● Dataset
Content starts

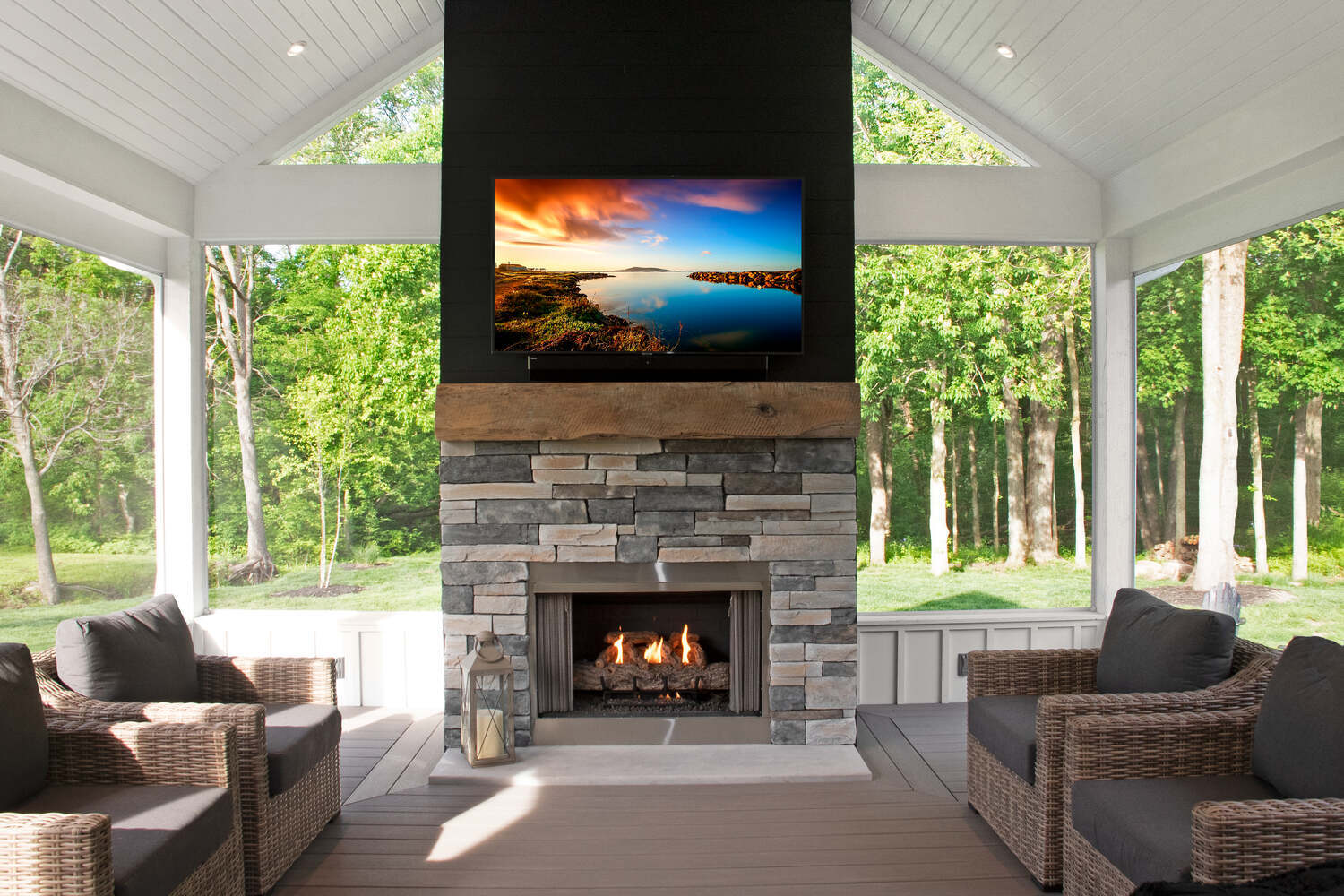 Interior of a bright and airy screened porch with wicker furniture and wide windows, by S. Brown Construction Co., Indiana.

Content ends
Content starts

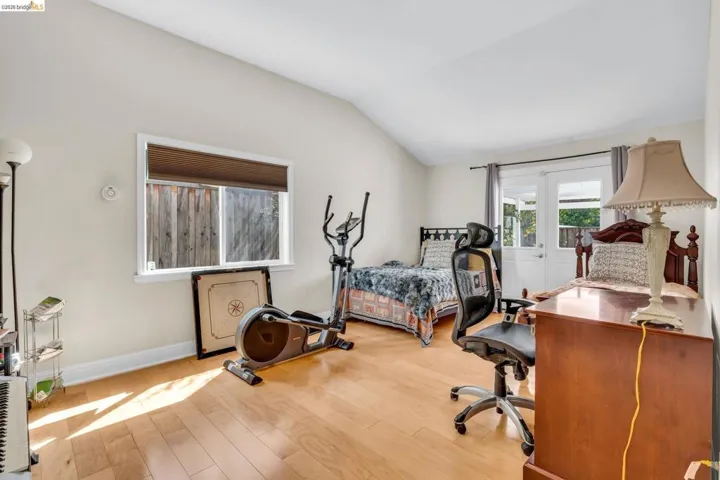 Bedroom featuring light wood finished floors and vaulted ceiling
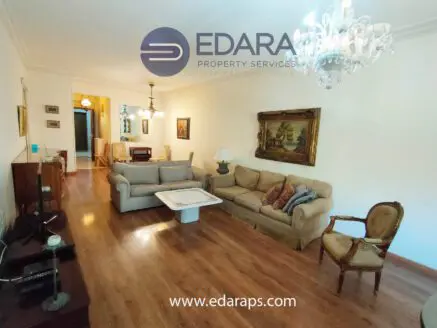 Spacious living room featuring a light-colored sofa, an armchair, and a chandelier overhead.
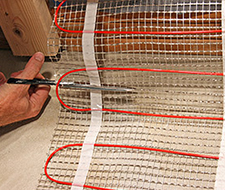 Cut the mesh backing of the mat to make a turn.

Content ends

● Instructions to follow
Skipping the pictures, print the lines in the listing above exactly as written, starting at the line with "Bedroom featuring light" and ending at the line with "Cut the mesh", both included.

● Problem solution
 Bedroom featuring light wood finished floors and vaulted ceiling
 Spacious living room featuring a light-colored sofa, an armchair, and a chandelier overhead.
 Cut the mesh backing of the mat to make a turn.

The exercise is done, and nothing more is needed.